Mr. Toon had an update. “Old wife no look after me. New wife look after.” 

Perhaps “old wife” found out about a “mia noi” (minor wife)?  Whatever had happened,  “old wife” got the house, Toon the tuk-tuk, and a “new wife” who owned land ripe for subdivision. “Last year, one million baht. I say wait. Next year two million.” Quotes aside, he lost the house, but gained a younger wife!

Under a fan, on the edge of town, orange vegetable strings, prescribed by a North Vietnamese doctor, “for head,” floated in a carboy of brown spirit of firewater. Duck bones mounted, rice diminished. Friend from Savannaket produced a letter – in English. Her boyfriend was in the US.  There was only one translation. “The embassy wants you to write a letter telling them a love story.” Phoned, the boyfriend in the US understood. Tomorrow he would ask a lawyer to prepare her letter.

Tomorrow ITB could make shift for himself.  Maybe he’d been medi-vaced out. More likely he’d ended up entangled in the charms and arms of the women of the boom boom rooms. (Later ITB confessed. He’d chickened out. “Not a good idea in Laos”, he says. “The government says you must marry to sleep with a Laotian woman. If police catch you, it’s a big fine.” Right. Quoted too high a price more likely!)

“Tomorrow I take you to bus to Pak Lai. Next time you stay here,” said Mr. Toon.

 If there was going to be a next time…

New Road to Pak Lai

Just past the Cimetrie Catholique, opposite a Vientiane car yard, the driver stopped.  His offsider took to a tyre with a jemmy bar. The driver disappeared deep under the engine, carrying a hammer. Always the watchers gather. The hammering clattered on so long that even the watchers wandered. This did not bode well!

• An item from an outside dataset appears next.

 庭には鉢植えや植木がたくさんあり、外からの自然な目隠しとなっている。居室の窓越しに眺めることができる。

A few miles on, a stop by a market. Fruit boxes lined the aisles, and the roof above. By now the silent stillness of the start was long past. Passengers relaxed and talked. A small boy teased a little sister only too happy to be upset. Past Phu Pan Mining, still in Vientiane, the gruelling 10-hour ride began. The tarmac ended. The concrete trucks and ditches started. A dog like a dingo slept in road sand. Concrete houses gave way to mimosa, bananas, papayas, and fishponds.

From the outskirts of Vientiane, the bus shadowed the Mekong River for many hours. It’s brakes were gears in a gearbox not long for this world, changed by a doubled clutch. Shock absorbers had long collapsed ground apart by a new road worn to rubble of river stones.

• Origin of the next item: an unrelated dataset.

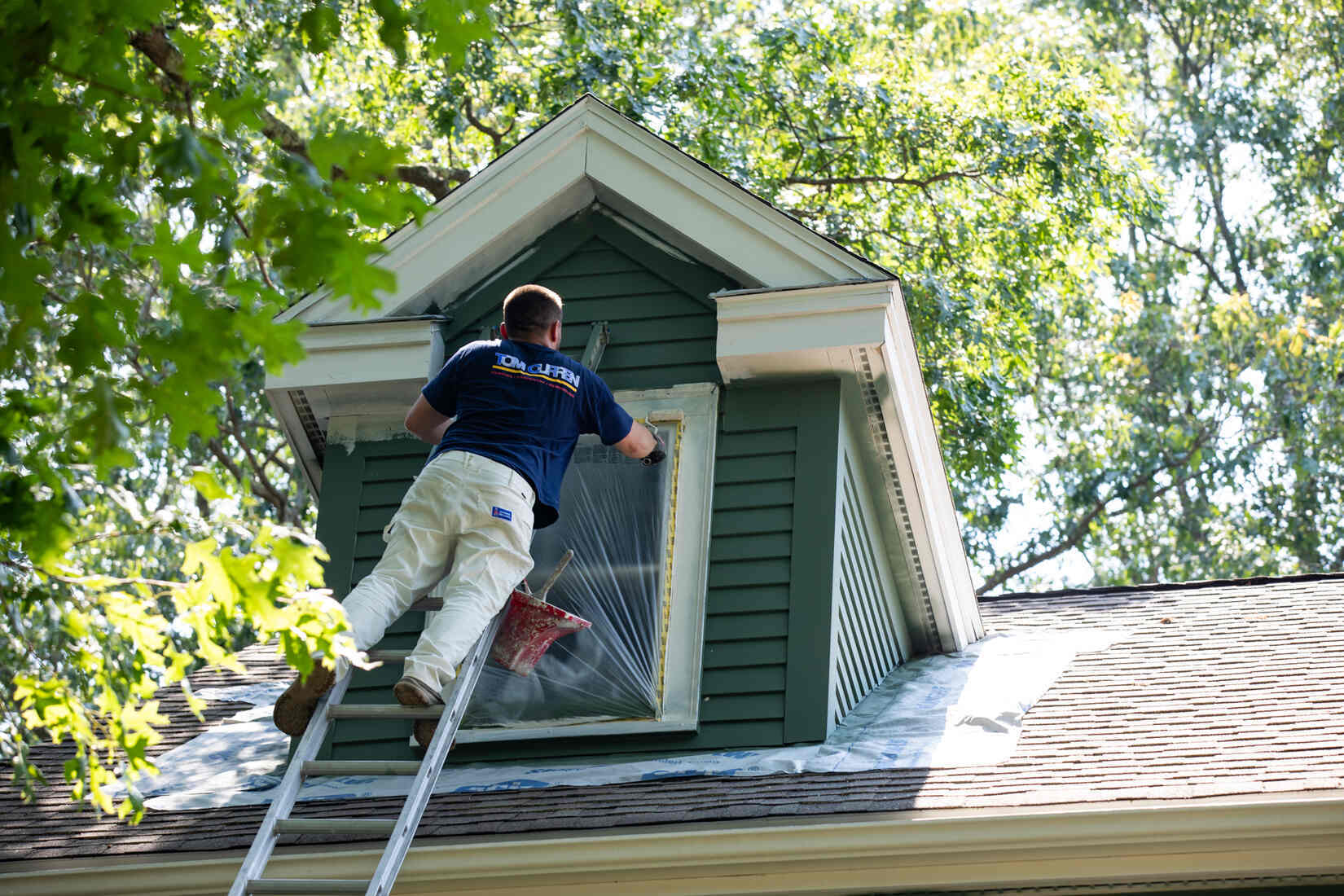 Tom Curren team applying fresh exterior trim paint to a home, ensuring a polished and clean look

Road camps came and went. The windows admitted fresh air loaded with fine dust. Thailand flashed temples across the Mekong. Where the plain narrowed, the bus ran like cotton in the eye of a needle, slipping through a sliver between high mountains and a deep river. Sometimes bridges were yet to be built.

Beyond a concrete works, the road turned from rocks to gravel, and the potholes eased. Blue silk shot silver through trees, between cows, hid behind haystacks in drying fields. Small towns came. Small towns went. A rooster blustered from a roadside. Novice monks got on, novice monks got off. A man with a green shirt and gentle face made them feel at home on the fruit boxes of the aisles.

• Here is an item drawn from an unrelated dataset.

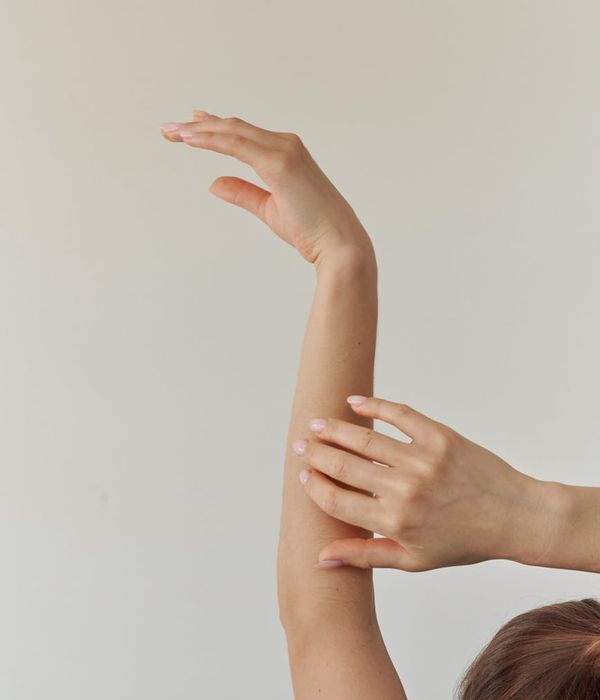 Woman in a calm yoga pose on a light lilac background.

After four hours, at noon, the river turned west at last. The power line followed. By now, the concrete towns had turned to wood. Smells of cows rode on pink winds. A dog dived for the safety of a ditch. Every passenger’s head was red. Potholes separated the red heads from sleep. Smacking metal silenced all other sounds. In long stretches of river, rapids swirled under rock islets.

Three more hours of watching a river and its twin towns, looking for an old home, Chiang Khan, in Thailand.Just before Chiang Khan came into view, the bus dived aside and into a road stop restaurant in it’s twin town of Xanakhan.

Kin khao,” said the woman beside me in Lao. “Eat now.”

Kin  fur,” said the woman behind the counter of the roadside restaurant on the outskirts of tZanakhant. “Fur” was beef noodle soup, a Loatian delicacy. It was served in a bowl and would sustain me for the rest of the bumpy journey. While across the rode stood a  swanky new Thai funded  guesthouse . It beckoned, but Pak Lai pulled harder.  

Right turn to Pak Lai

From here, the bus turned hard right, on blue tarmac. The hardest road had been surfaced first.  Within an hour it left the low rolling farmlands. For the next two hours, it became an insect, corkscrewing heights, twirling depths, always with the gearbox screaming.

The cultivated lands faded, and the spirit houses vanished. Gloom of dusk descended as the road forced its way through pristine bamboo forest. Anything could be out there…

After three hours, suddenly, the forest fragrance gave way to the smell of mushrooms, banana palms appeared, and the bus was rolling through hills and plain again. The smell of the river, earth wand water, drifted through the smell of smoke. The bus headed straight for it.

A cargo boat, without lights made way for an unlit car ferry. The bus tried to climb on the ferry. Yells of “Yut!,” “Stop!” reversed it. The second time it managed.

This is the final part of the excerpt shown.